• Task directions
Please transcribe the data below in full. Omit any picture you find in it.

====== Stored data

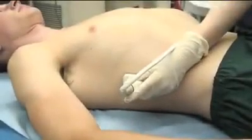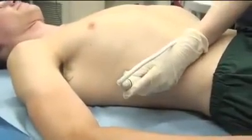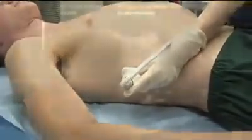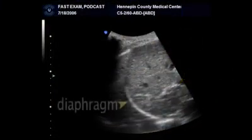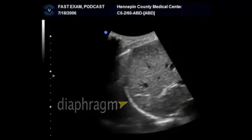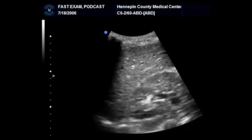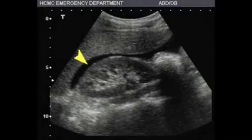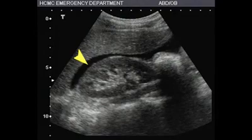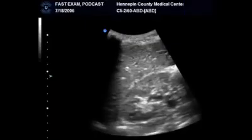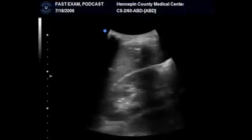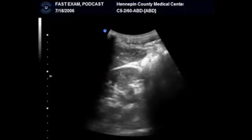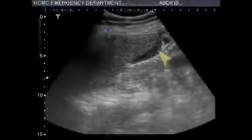The probe is placed in the mid-axillary line at about the 7th to 11th rib interspace. This view will demonstrate the liver, kidney, and right diaphragm. It allows for the evaluation of the potential space between the liver and kidney, called Morrison's pouch. An anechoic, or black, stripe between the liver and kidney in Morrison's pouch indicates free fluid, usually blood, in the intraperitoneal space. By sliding the probe towards the patient's feet, you can visualize the lower tip of the liver, where free fluid also tends to accumulate.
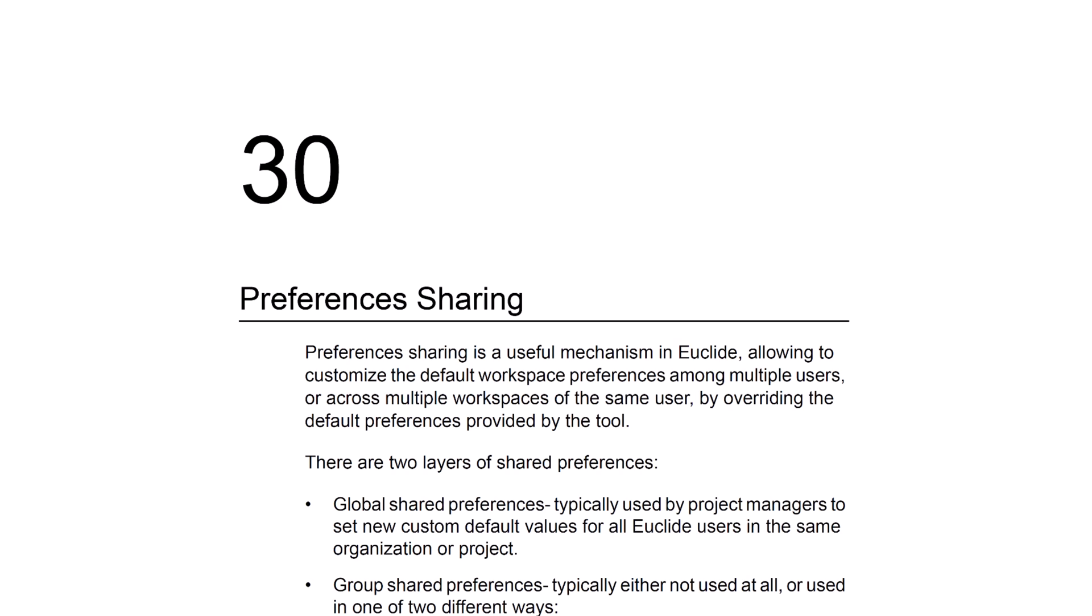Templates can be shared with a team or an entire organization by following the chapter in the Euclid Reference Guide on Preferences Sharing. Thank you for joining us.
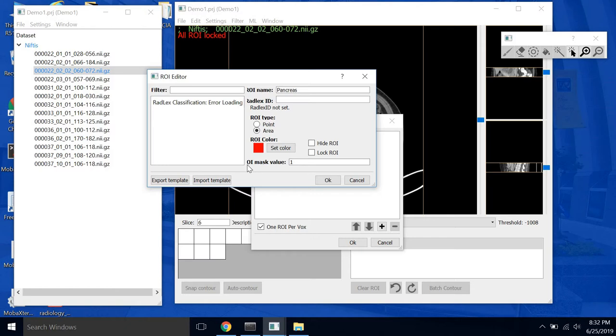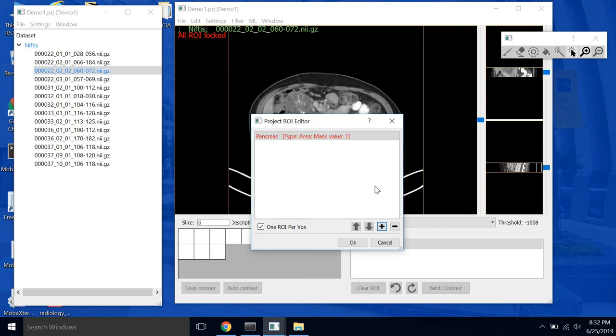And then this ROI mask value. This value doesn't matter except that all of your ROIs have to have a different value. I find it easiest to go 1, 2, 3, 4, 5, etc. So we'll leave this as 1.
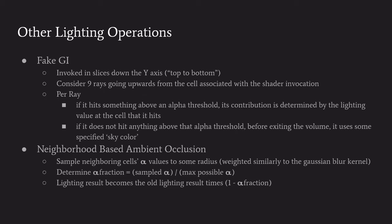Neighborhood based ambient occlusion is very similar to the Gaussian blur. The way that the alpha values are weighted, it's almost like the inverse square law thing too - one over the distance squared. If you consider the middle one as an origin point, we're determining an alpha fraction that is the sum of all the sampled alpha values over the maximum possible alpha values that you could see if all samples were at some maximum value, here at 255. The light in the buffer is then decreased by multiplying it by one minus this fraction.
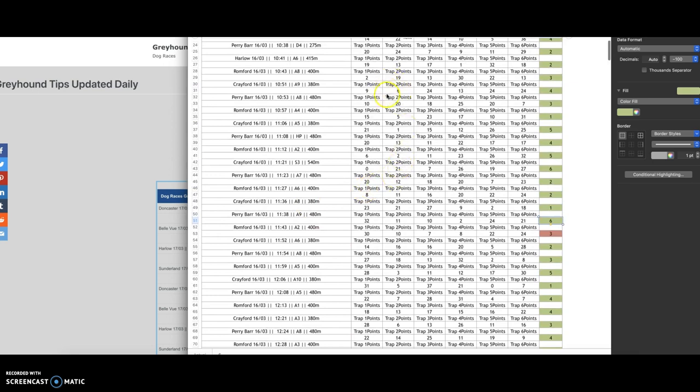So if we just look at this here, this dog in trap six only had seven points. If the odds hadn't have been very good, you know if they'd have been 10 or something like that, we'd have looked at this dog here because this is the next least points. And if that one had have been odds of say four, then that would have been the bet there, the lay bet.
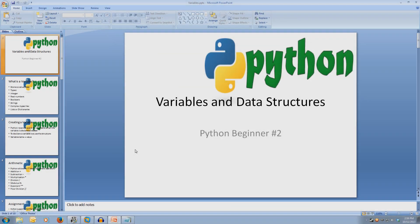Welcome to Python Beginner 2, Variables and Data Structures. Every video will have all slideshows and code available in the description.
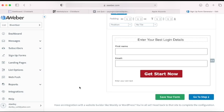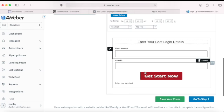It's the same process whether you use AWeber's landing page or any other platform — you create the signup form and connect it to your landing page. After all edits, click 'Save Form,' then go to the next step.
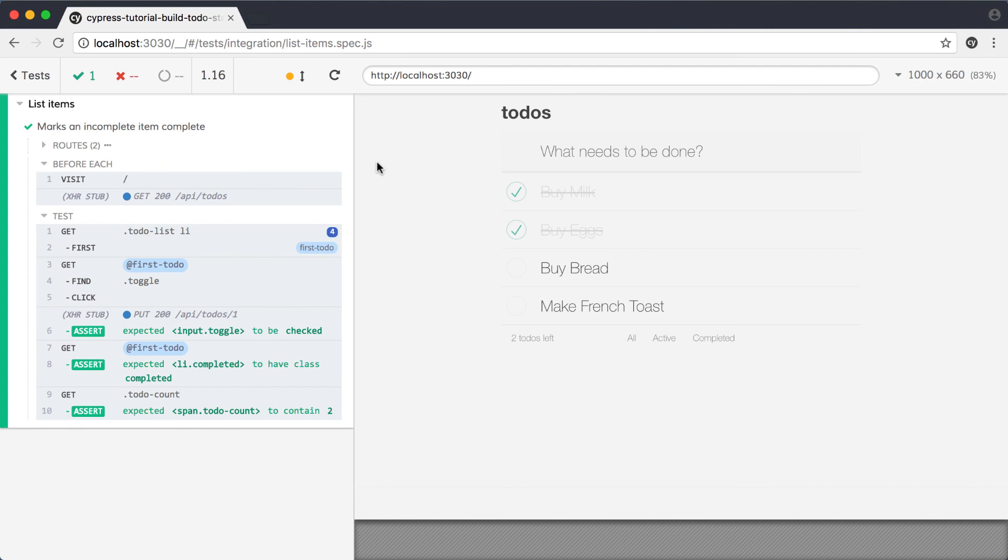Through a combination of the Cypress UI and Chrome's DevTools, our test has made it relatively painless to identify, track down, and fix a bug in our code. Beyond the dev time benefits that we just enjoyed, we're also left with a test that will continue to detect and help us fix any issues we might introduce in the future.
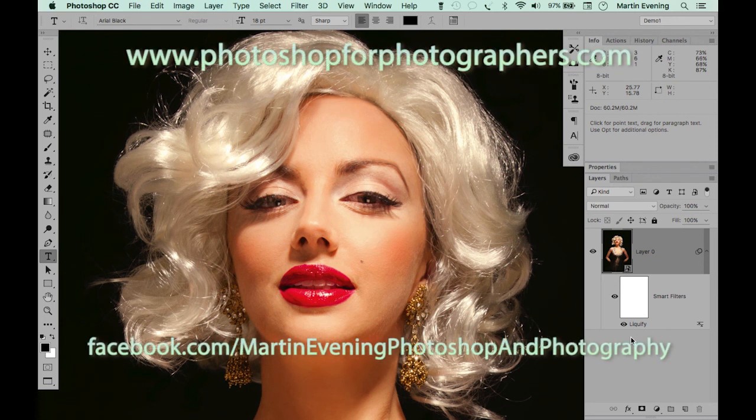This Photoshop video tutorial was brought to you by Martin Evening, author of the Photoshop for Photographers series of books. You can find out more at the book's website, or follow on the Photoshop and Photography Facebook page.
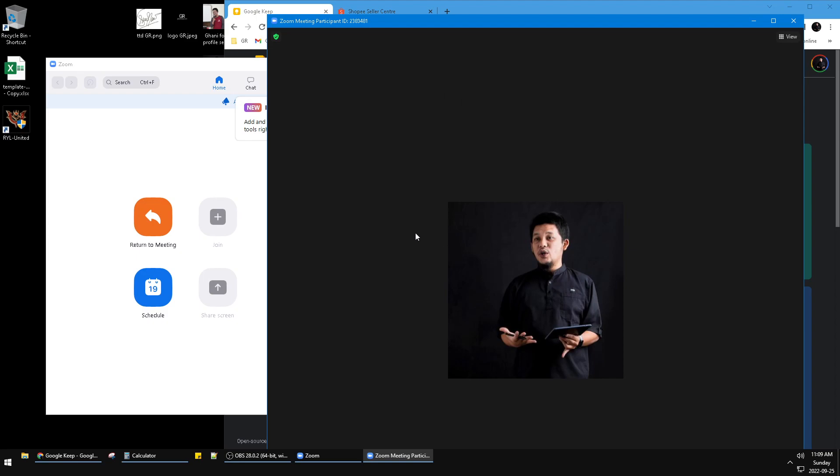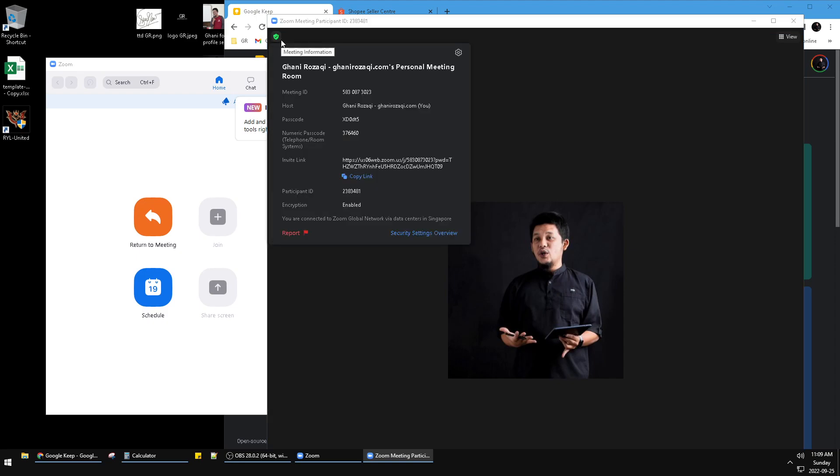...I can click here on the upper left where you see 'Meeting Information'. You can see this is my name, this is a personal meeting, and I can change the name.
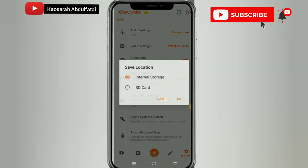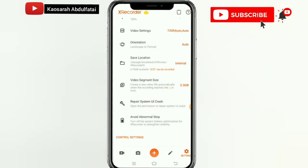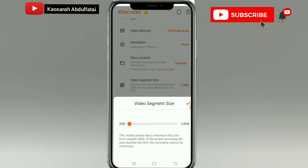These are the other settings I have. I save to my internal storage, sometimes on my SD card, but currently it is on my internal storage. Also the segment size of the video — I have it at 2GB; yours can be above that depending on your phone.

============

• Finished task
The probe is placed in the mid-axillary line at about the 7th to 11th rib interspace. This view will demonstrate the liver, kidney, and right diaphragm. It allows for the evaluation of the potential space between the liver and kidney, called Morrison's pouch. An anechoic, or black, stripe between the liver and kidney in Morrison's pouch indicates free fluid, usually blood, in the intraperitoneal space. By sliding the probe towards the patient's feet, you can visualize the lower tip of the liver, where free fluid also tends to accumulate.
Templates can be shared with a team or an entire organization by following the chapter in the Euclid Reference Guide on Preferences Sharing. Thank you for joining us.
And then this ROI mask value. This value doesn't matter except that all of your ROIs have to have a different value. I find it easiest to go 1, 2, 3, 4, 5, etc. So we'll leave this as 1.
Neighborhood based ambient occlusion is very similar to the Gaussian blur. The way that the alpha values are weighted, it's almost like the inverse square law thing too - one over the distance squared. If you consider the middle one as an origin point, we're determining an alpha fraction that is the sum of all the sampled alpha values over the maximum possible alpha values that you could see if all samples were at some maximum value, here at 255. The light in the buffer is then decreased by multiplying it by one minus this fraction.
So if we just look at this here, this dog in trap six only had seven points. If the odds hadn't have been very good, you know if they'd have been 10 or something like that, we'd have looked at this dog here because this is the next least points. And if that one had have been odds of say four, then that would have been the bet there, the lay bet.
Welcome to Python Beginner 2, Variables and Data Structures. Every video will have all slideshows and code available in the description.
It's the same process whether you use AWeber's landing page or any other platform — you create the signup form and connect it to your landing page. After all edits, click 'Save Form,' then go to the next step.
Through a combination of the Cypress UI and Chrome's DevTools, our test has made it relatively painless to identify, track down, and fix a bug in our code. Beyond the dev time benefits that we just enjoyed, we're also left with a test that will continue to detect and help us fix any issues we might introduce in the future.
This Photoshop video tutorial was brought to you by Martin Evening, author of the Photoshop for Photographers series of books. You can find out more at the book's website, or follow on the Photoshop and Photography Facebook page.
...I can click here on the upper left where you see 'Meeting Information'. You can see this is my name, this is a personal meeting, and I can change the name.
These are the other settings I have. I save to my internal storage, sometimes on my SD card, but currently it is on my internal storage. Also the segment size of the video — I have it at 2GB; yours can be above that depending on your phone.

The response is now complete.